- What you are asked to do: Repeat the listing exactly, minus the pictures.

- Provided records:

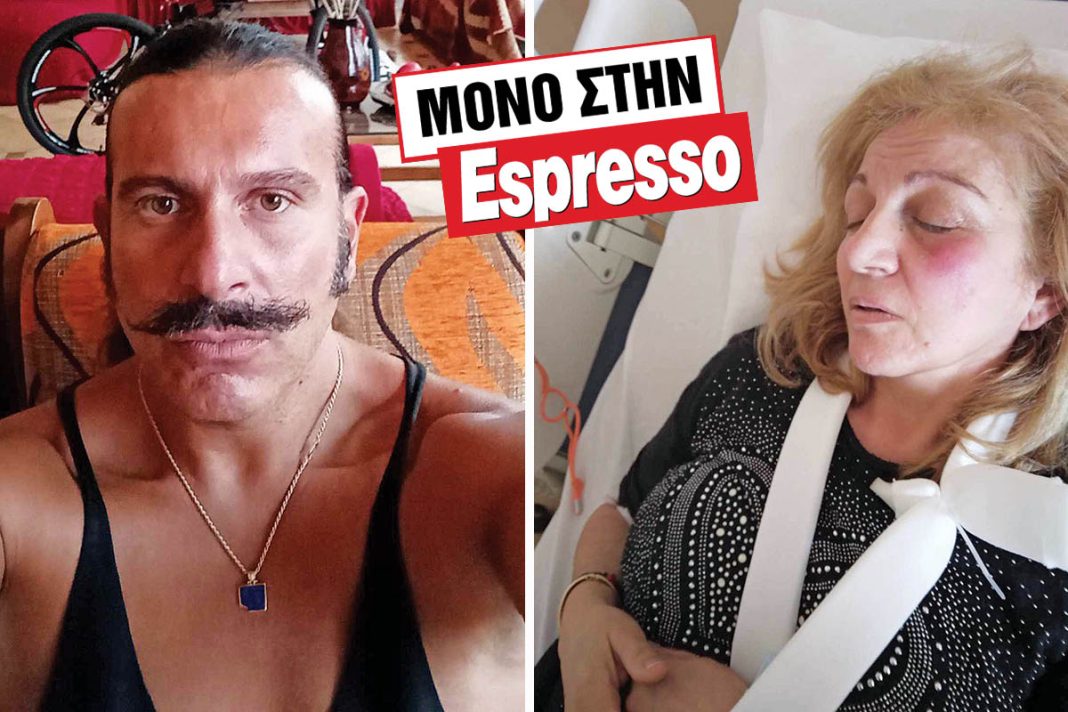 Kαταγγελίες από μητέρα ηθοποιού αισθησιακών ταινιών για άγριο ξυλοδαρμό της από ξενοδόχο
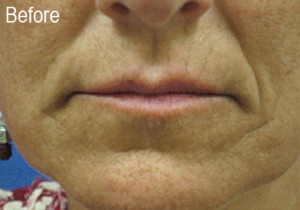 Restylane Female Patient 3 Before | Before and After Photos | Dr. Lisa Bunin | Allentown PA
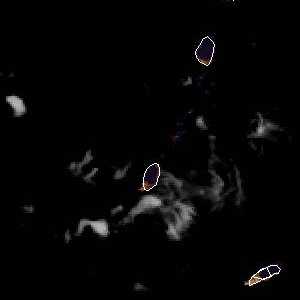 météo tropicale : Image satellite .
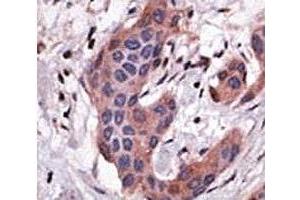 IHC analysis of FFPE human breast carcinoma tissue stained with the Bid antibody (BID 抗体  (AA 68-103))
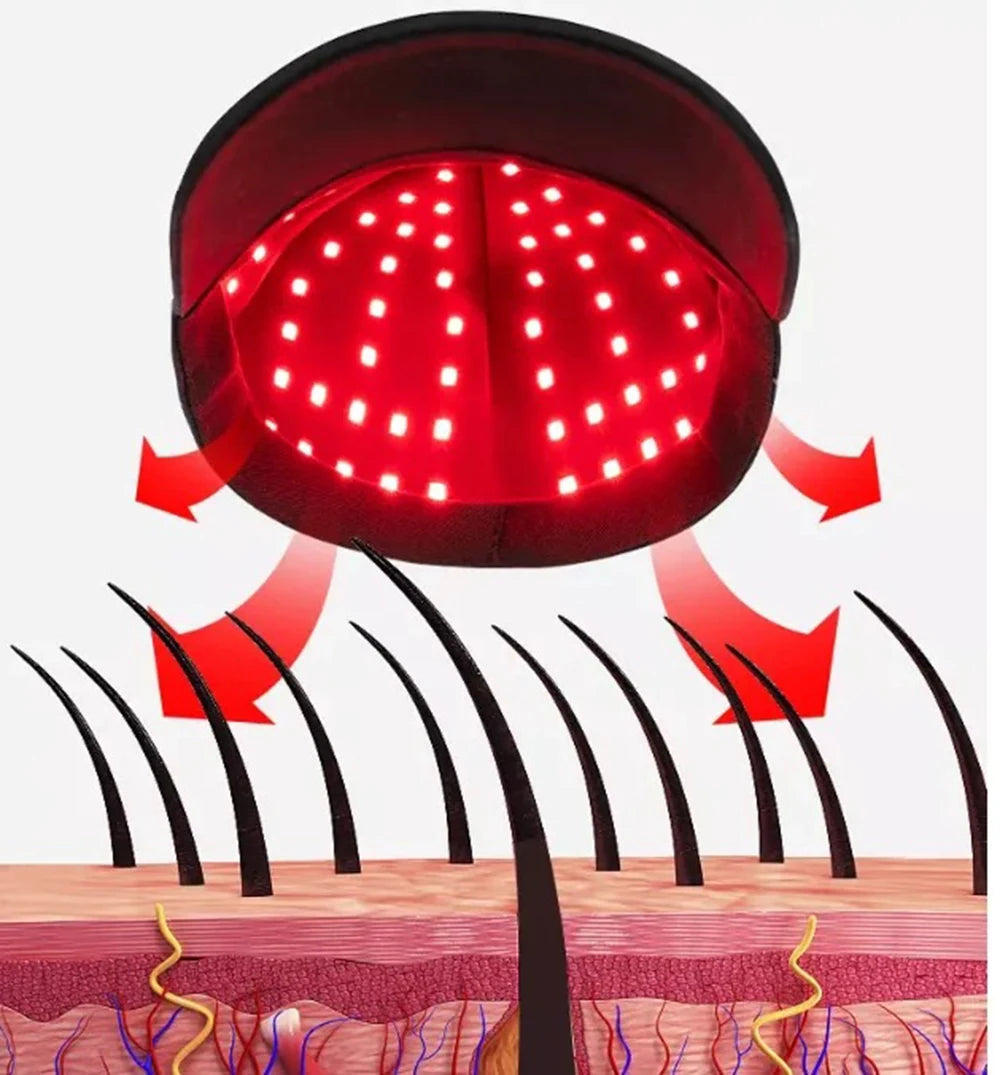 Lichttherapie Haar Groeimuts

- Solution below:
 Kαταγγελίες από μητέρα ηθοποιού αισθησιακών ταινιών για άγριο ξυλοδαρμό της από ξενοδόχο
 Restylane Female Patient 3 Before | Before and After Photos | Dr. Lisa Bunin | Allentown PA
 météo tropicale : Image satellite .
 IHC analysis of FFPE human breast carcinoma tissue stained with the Bid antibody (BID 抗体  (AA 68-103))
 Lichttherapie Haar Groeimuts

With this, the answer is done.